=== EXERCISE INSTRUCTIONS ===
Below, locate the line that contains "O2.15 is there". Repeat exactly from that line to the line that contains "This website executes", inclusive, leaving out the pictures.

=== RECORDS FOR PROCESSING ===
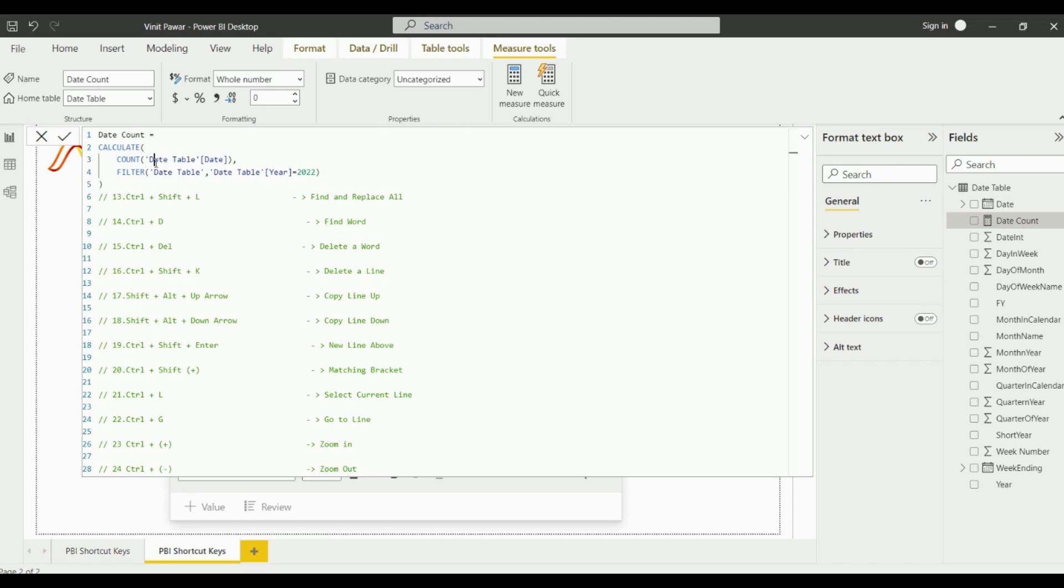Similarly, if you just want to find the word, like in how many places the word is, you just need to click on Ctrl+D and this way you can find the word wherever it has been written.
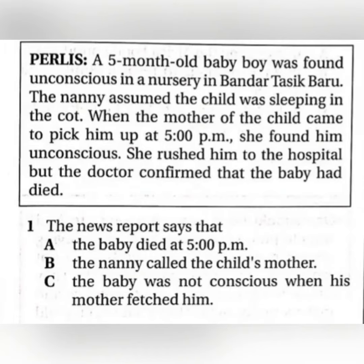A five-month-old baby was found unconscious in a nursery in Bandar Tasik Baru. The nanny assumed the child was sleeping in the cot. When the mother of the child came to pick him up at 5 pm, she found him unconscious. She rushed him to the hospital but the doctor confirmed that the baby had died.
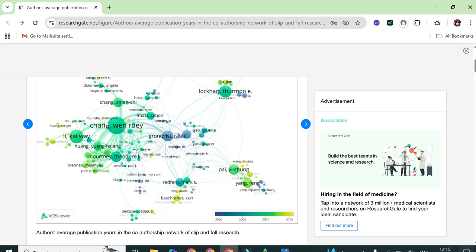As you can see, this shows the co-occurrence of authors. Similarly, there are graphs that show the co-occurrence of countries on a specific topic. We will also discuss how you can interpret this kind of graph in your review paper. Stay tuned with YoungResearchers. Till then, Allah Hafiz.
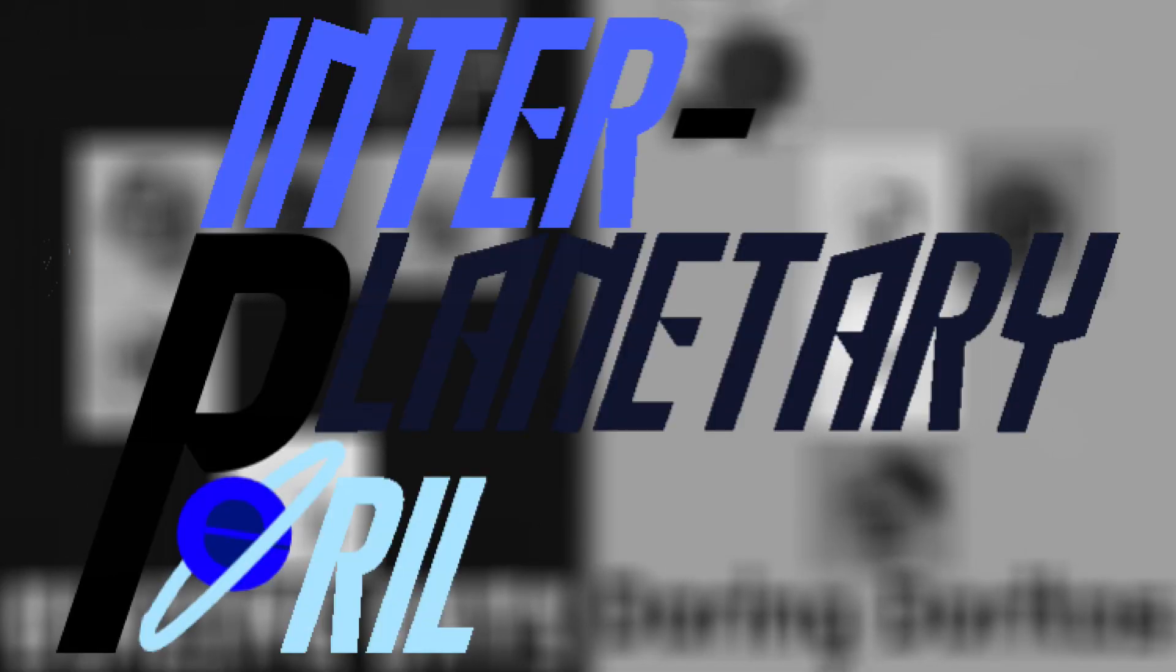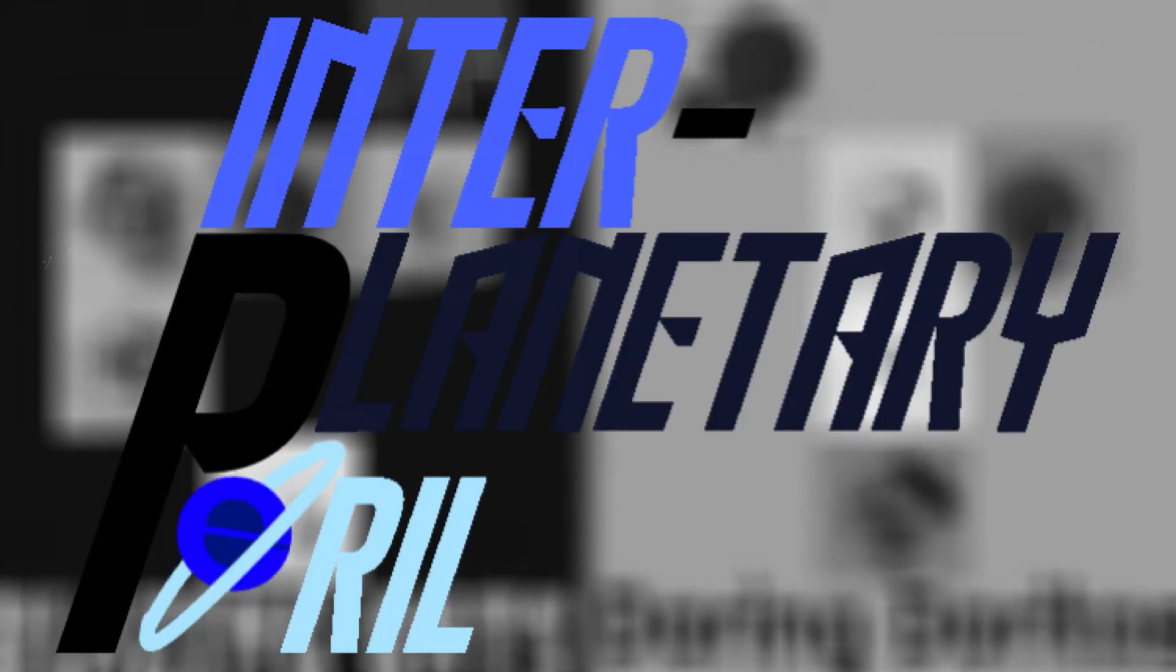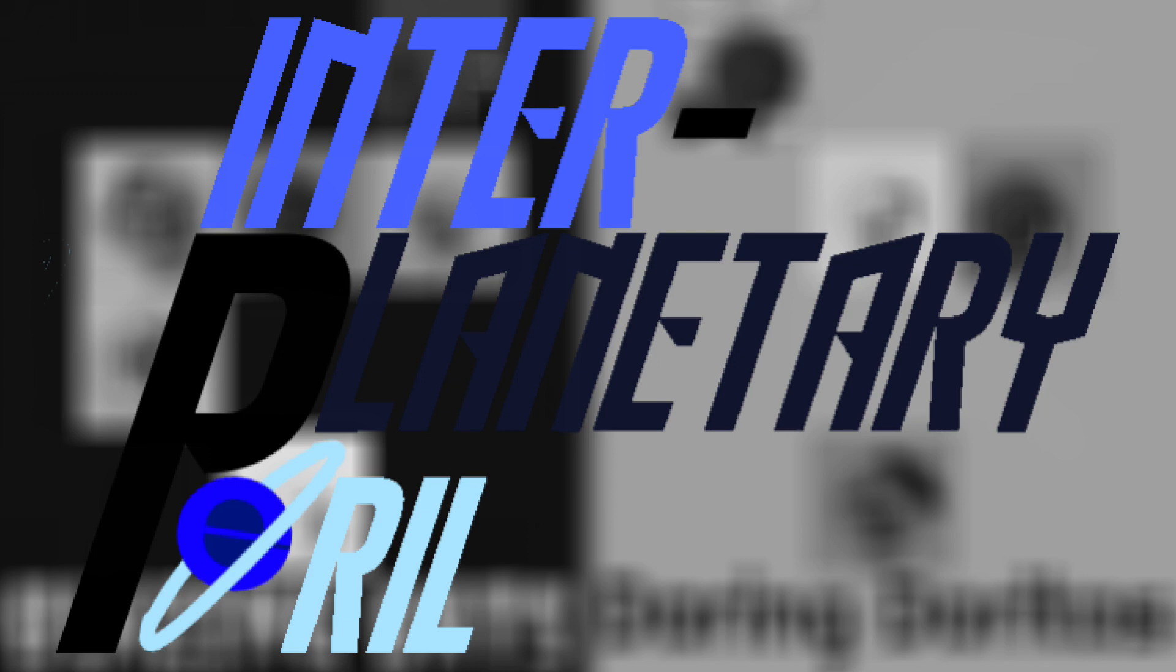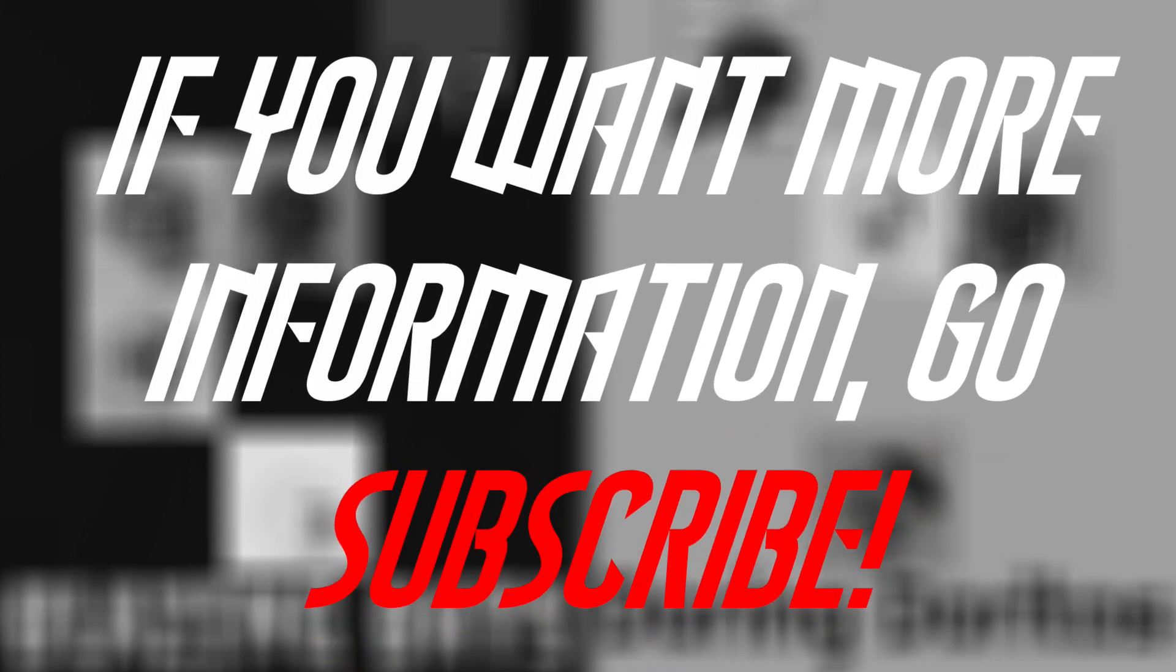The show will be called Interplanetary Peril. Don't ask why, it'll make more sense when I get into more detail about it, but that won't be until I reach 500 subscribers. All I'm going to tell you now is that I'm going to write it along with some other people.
--
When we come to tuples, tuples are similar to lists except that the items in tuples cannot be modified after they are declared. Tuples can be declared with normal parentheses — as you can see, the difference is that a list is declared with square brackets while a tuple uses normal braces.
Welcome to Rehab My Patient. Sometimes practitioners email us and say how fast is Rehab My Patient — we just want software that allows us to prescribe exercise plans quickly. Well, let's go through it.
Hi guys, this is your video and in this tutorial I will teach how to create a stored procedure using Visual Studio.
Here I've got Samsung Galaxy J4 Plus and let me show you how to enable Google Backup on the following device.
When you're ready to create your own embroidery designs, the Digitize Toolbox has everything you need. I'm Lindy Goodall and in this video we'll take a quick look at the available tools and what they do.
* * *
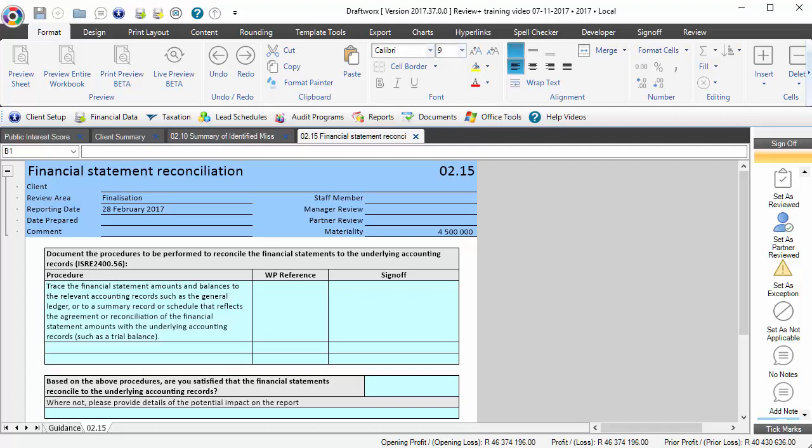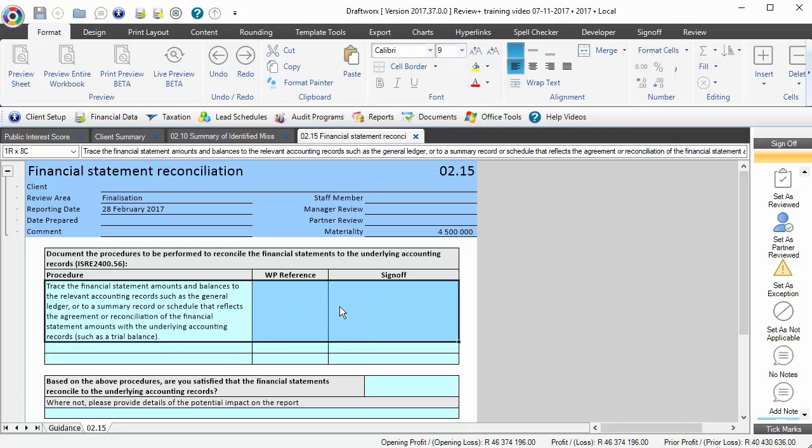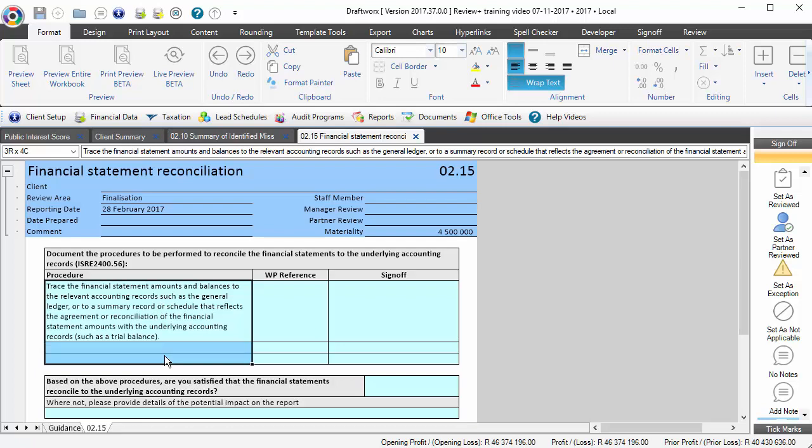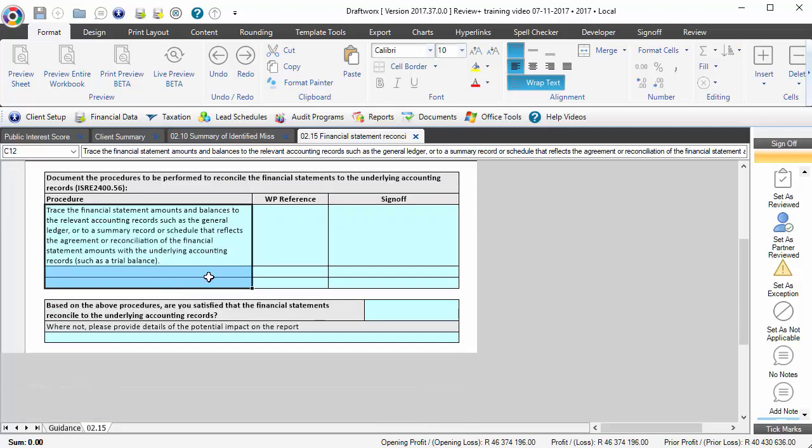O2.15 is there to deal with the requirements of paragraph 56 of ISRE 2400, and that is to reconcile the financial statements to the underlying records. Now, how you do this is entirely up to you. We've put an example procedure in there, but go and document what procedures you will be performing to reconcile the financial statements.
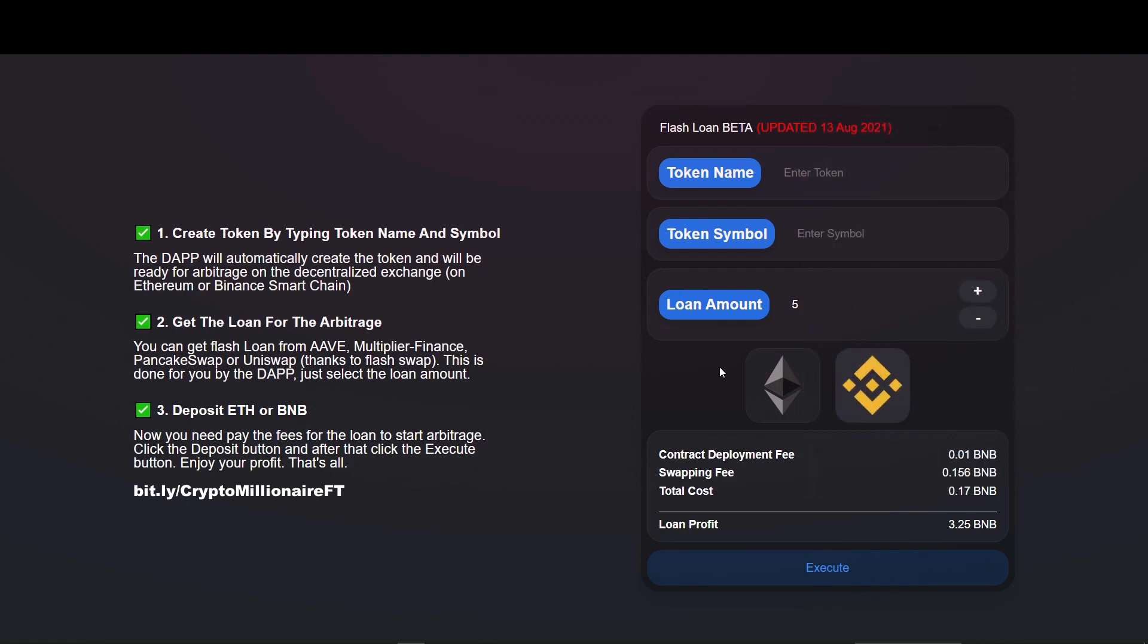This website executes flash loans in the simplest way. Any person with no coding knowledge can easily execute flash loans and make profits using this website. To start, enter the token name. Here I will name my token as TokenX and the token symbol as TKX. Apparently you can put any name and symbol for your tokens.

=== ANSWER TO THIS TASK ===
O2.15 is there to deal with the requirements of paragraph 56 of ISRE 2400, and that is to reconcile the financial statements to the underlying records. Now, how you do this is entirely up to you. We've put an example procedure in there, but go and document what procedures you will be performing to reconcile the financial statements.
This website executes flash loans in the simplest way. Any person with no coding knowledge can easily execute flash loans and make profits using this website. To start, enter the token name. Here I will name my token as TokenX and the token symbol as TKX. Apparently you can put any name and symbol for your tokens.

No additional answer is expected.